Now you’re going to hear, because of the interest rate rise announced by the Fed yesterday, that 75 basis points, you’re going to have some people writing about all the consumer debt and the consumer weight and the problems that’ll be foisted on the consumer. So I thought we would tackle that. Is there a debt problem among consumers? The answer’s absolutely not. It’s amazing to me how good a shape a consumer is in. And when you look at the auto delinquency, which is over 90 days past due on an automobile loan, it’s at the 3.86%. It’s the lowest in five years. And the rate was climbing from July of 2014 to COVID, to March 2020, and it’s been declining ever since, and it’s still low. So we’re not seeing that disinflation, we’re not seeing that whatever worry there is out there is costing us to fall behind on our car loans. And that’s a key metric as we look at the future.

When we look at credit card delinquencies, it’s equally encouraging. It’s at 1.71% up just a little bit from the April low of 1.48%, but that 1.48% was the lowest in 30 years. I mean, we’re up just a little bit off of a 30 year low. And in case you’re wondering, the pre-COVID level is 2.76%. So consumer’s credit card debt, we’re handling it. And by the way, that means that if interest rates go up some on credit card debt, what we might see is that delinquencies go up a little bit but we’re still at very low levels, and that’s very good for the economy.

How about real estate? I mean, housing is in a lot of people’s minds. We get housing questions all the time. When should I buy? Should I buy? What’s the future going to be? That sort of thing. Let’s look at real estate delinquency rate. This is from commercial banks. The automobiles and the commercials was from the Federal Reserve Board, the credit card and the automobiles was from the Federal Reserve Board. This is from commercial banks and it looks at not just mortgages, it’s all real estate debt and whether there’s a delinquency problem going on, I thought you’d like to know, that is at a 15 year low of 1.91. It is absolutely amazing that we are paying our mortgages and that’s at a 30 day delinquency. So we’re within 30 days except for 1.91%. Autos are good, credit cards are good, so consumers obviously are spending, they’re keeping their debt in line and their problems in check. That bodes well for the economy.

There is one problem though, and that’s quantitative tightening. The availability of consumer loans is getting harder, tighter. A survey by the Federal Reserve Board shows that the availability has decreased rather noticeably over the last few months. It’s gone from a June 2021 rating of 24.6%, which is high is good here, that means that there’s money available and it’s gone down to 5.2%. That’s the lowest in 18 months. That’s quantitative tightening. And there’s even more quantitative tightening going on by the Fed when it comes to business loans. So if there’s some slowing going down and there is, it’s has a lot more to do with quantitative tightening, it would appear to this economist than it does to the consumer’s ability as we go forward.

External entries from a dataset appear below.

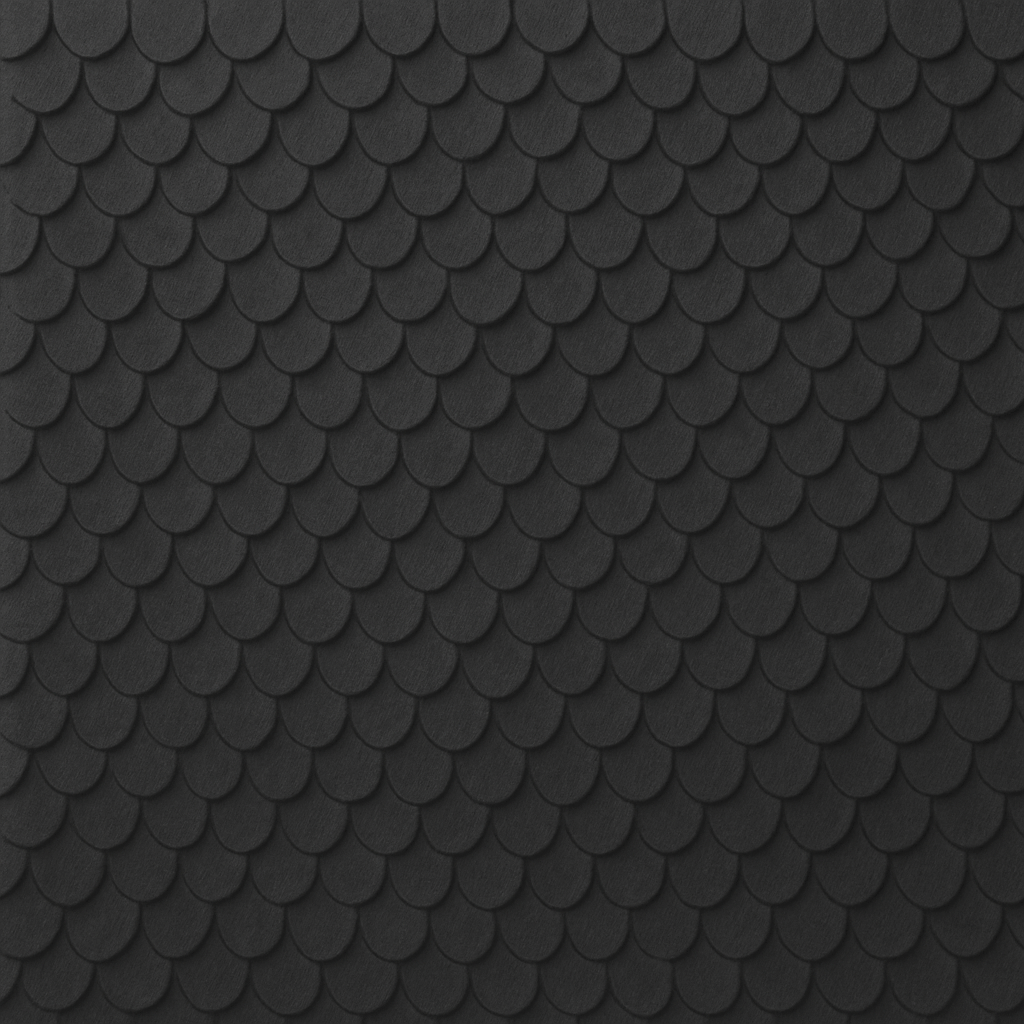 96B223F3-BC06-4351-A0F7-6608DA1EAB85.png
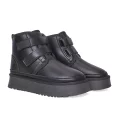 KD SL 1615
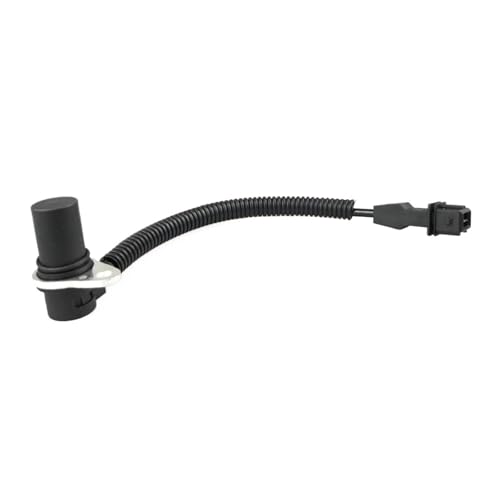 Nockenwellensensor EPS409 0K30E-18131-B 0K30E-18131B Nockenwellensensor/Fit for HYUNDAI/Fit for KIA SHUMA II 2 CARNIVAL II 2 SHUMA CARENS RIO von HYUDXH
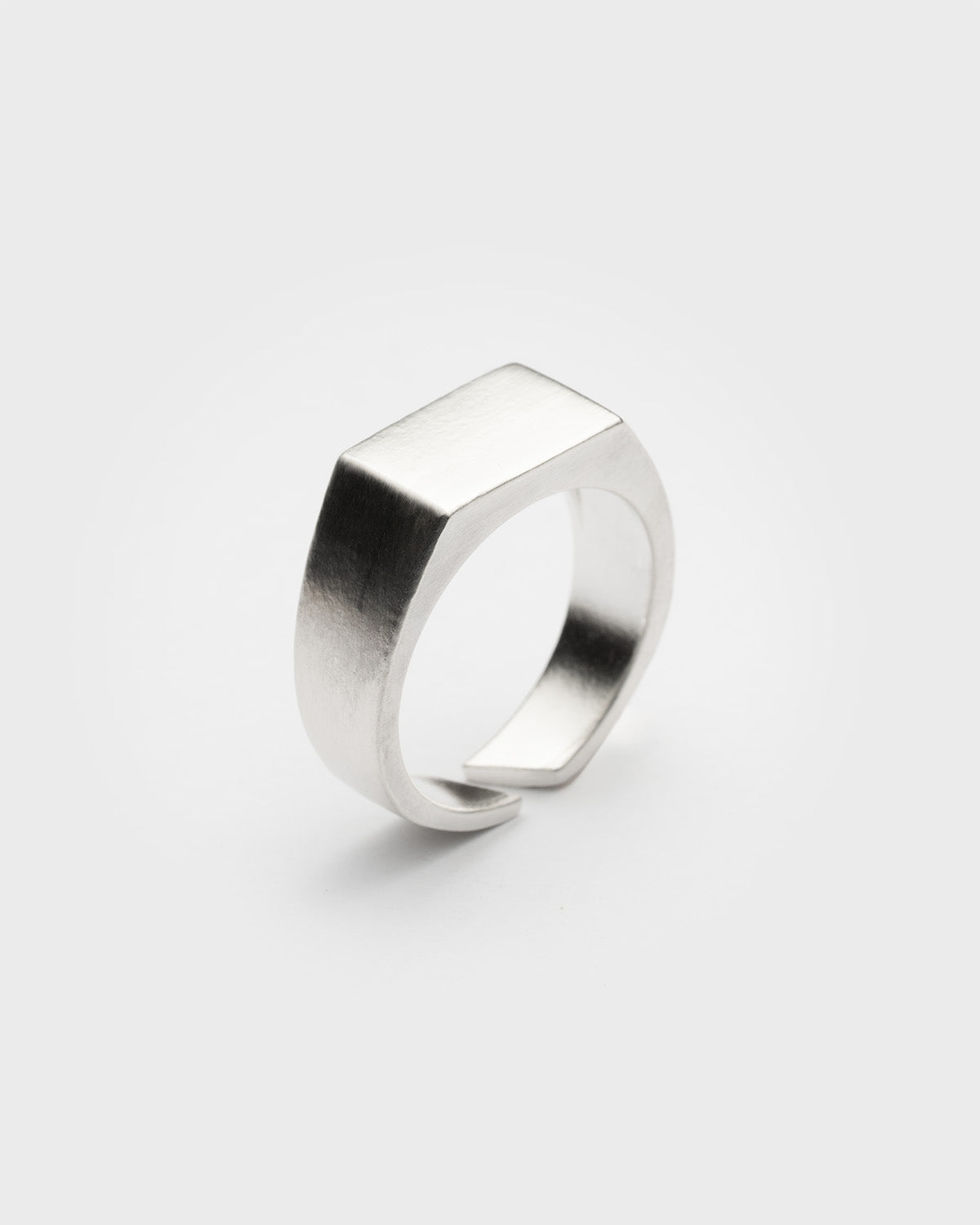 Edge Ring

Thankfully, the consumers are in good shape. Thankfully businesses are continuing to spend and the quantitative tightening, if it doesn’t go too far, won’t derail this upward movement in the economy, this growth. If they go too far with interest rates, if they go too far with the quantitative tightening, of course they could squeeze off this growth. I wish I could tell you we could read the mind of the Federal Reserve Board. We cannot. But we can watch it carefully for you and report back to you. And at the same time, we can assure you that this doesn’t happen in a vacuum and it doesn’t happen overnight. We will have signals, we will have signs. We will see the impact of too much in the way of interest rate rise, too much in the way of quantitative tightening, and we will convey that in time for you to adjust to that reality.

One of my favorite expressions is you can’t change the wind, but you can adjust the sales. We’re the weather forecaster. We’ll help you know when is time to adjust the sales so as you can see what’s going on. But for right now, fair seas and following winds. Have a great day. I’m Alan, ITR Economics. Thanks for listening to this episode of TrendsTalk.